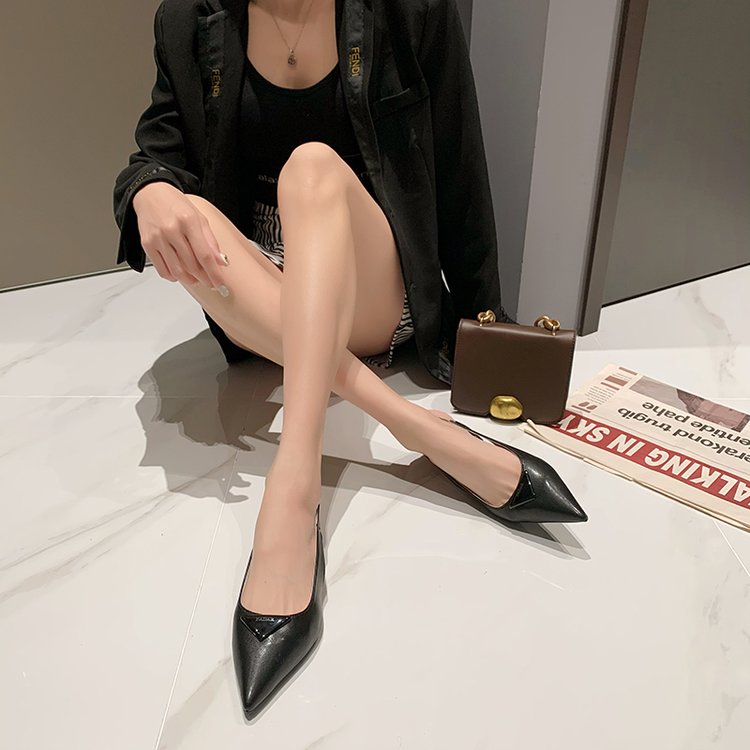 Giày xăng đan đế thấp mũi nhọn thời trang nữ tính thanh lịch - B8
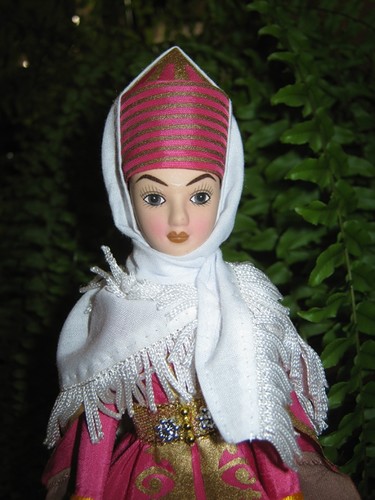 Куклы в народных костюмах №90 Кукла в кабардинском женском костюме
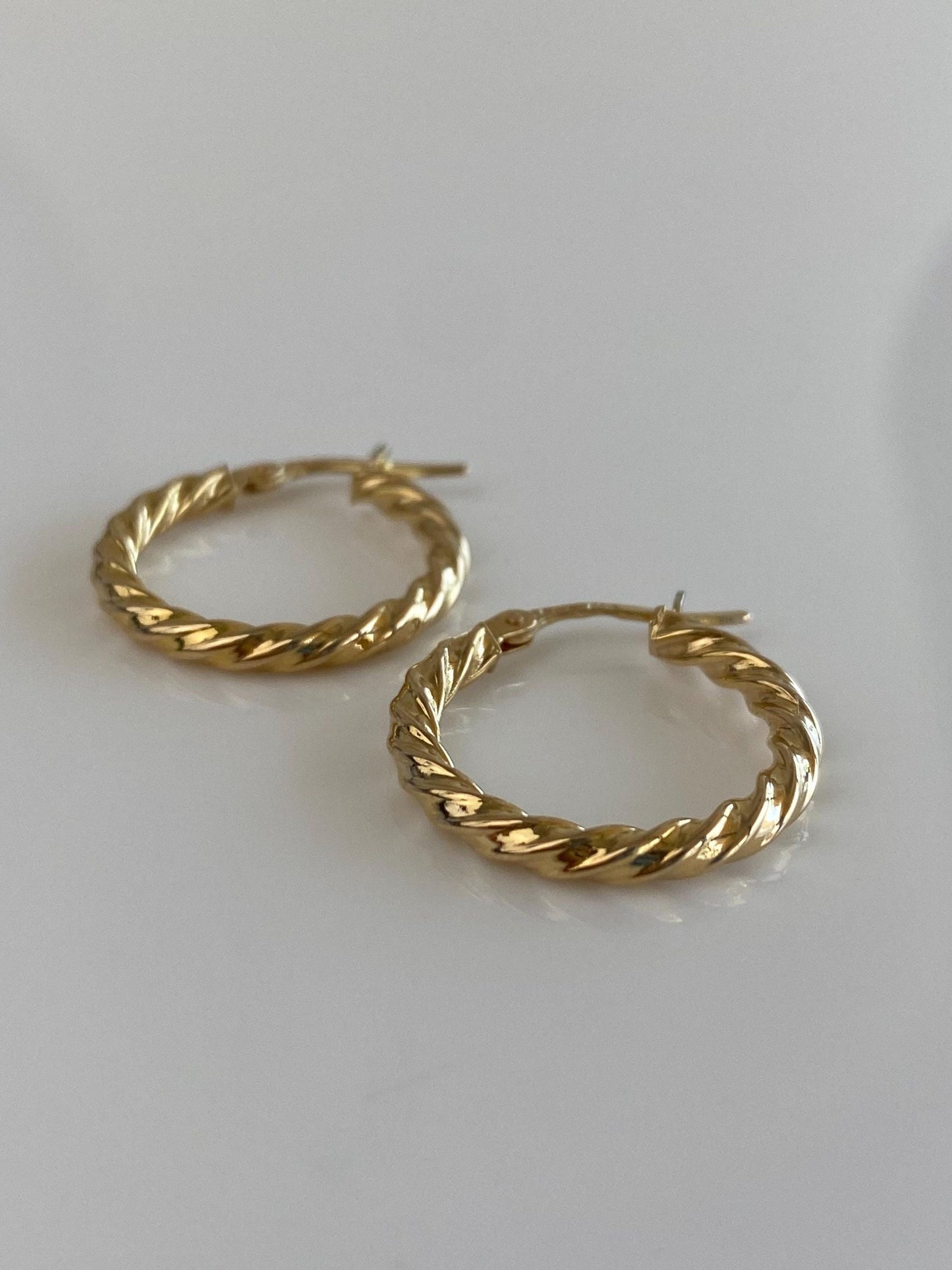 Vintage 14k Yellow Gold Twist Hoop Earrings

WHAT IS EXPECTED.
The material should be returned verbatim, with all images omitted.

THE COMPLETED TASK.
 Giày xăng đan đế thấp mũi nhọn thời trang nữ tính thanh lịch - B8
 Куклы в народных костюмах №90 Кукла в кабардинском женском костюме
 Vintage 14k Yellow Gold Twist Hoop Earrings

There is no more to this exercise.